Aller jusqu'au bout de ses propres cauchemars. Les ressasser sans cesse, en extraire la substantifique moelle et les compresser en six pistes. C'est ce qu'à toujours fait Arizmenda depuis sa formation jusqu'à son dernier full-lenght en date intitulé « Stillbirth in the Temple of Venus ». La dégénérescence mentale a toujours été le thème de prédilection de Murdunbad, là où ses compères se focalisent sur des idéologies plus revendicatrices. Ce qui est d'ailleurs assez remarquable avec Arizmenda, c'est cette constance à rester dans un univers propre, à le travailler jusque dans ses moindres recoins. On pourrait même émettre l'hypothèse que Murdunbad refuse de sortir de ce carcan psychologique qu'il s'est imposé et qui fait désormais partie de son approche musicale.

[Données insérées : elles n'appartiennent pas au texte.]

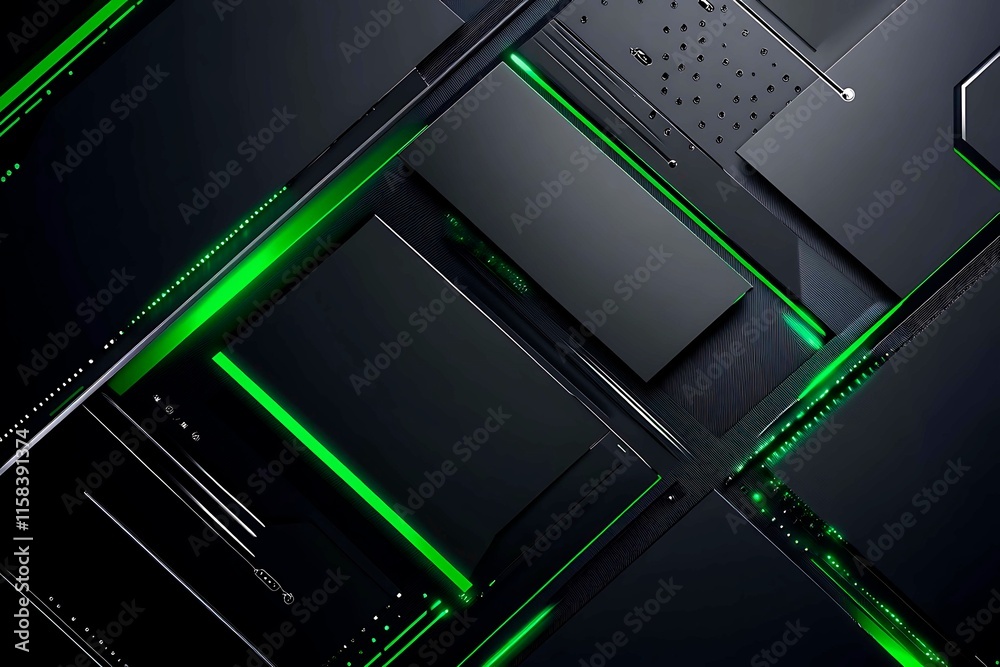 This vector illustration features a gradient green-black circuit board background, highlighted by an abstract technology pattern resembling interconnected circuitry. This vector illustration features a gradient green-black circuit board background, highlighted by an abstract technology pattern resembling interconnected circuitry.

Comme toutes ses autres sorties, notamment le très bon
« Within the Vacuum Of Infinity », « Stillbirth in the Temple of Venus » est obscur, impénétrable, angoissant et fichtrement incompréhensible au premier abord. Il faut dire que le premier morceau du disque, celui qui est sensé nous introduire dans les compositions de cet album est clairement le plus inabordable. Anti-mélodique et saucé par une production bien évidemment ultra-saturée et victime d'un dubbing catastrophique « Scabbed Knees, Rope and Vaseline » propose neuf minutes et quelques de dévastation musicale, de guitares hurlantes, de souffle sonore similaire à celui de taureau expirant de ses nasaux humides un air chaud et impropre faisant frissonner votre nuque.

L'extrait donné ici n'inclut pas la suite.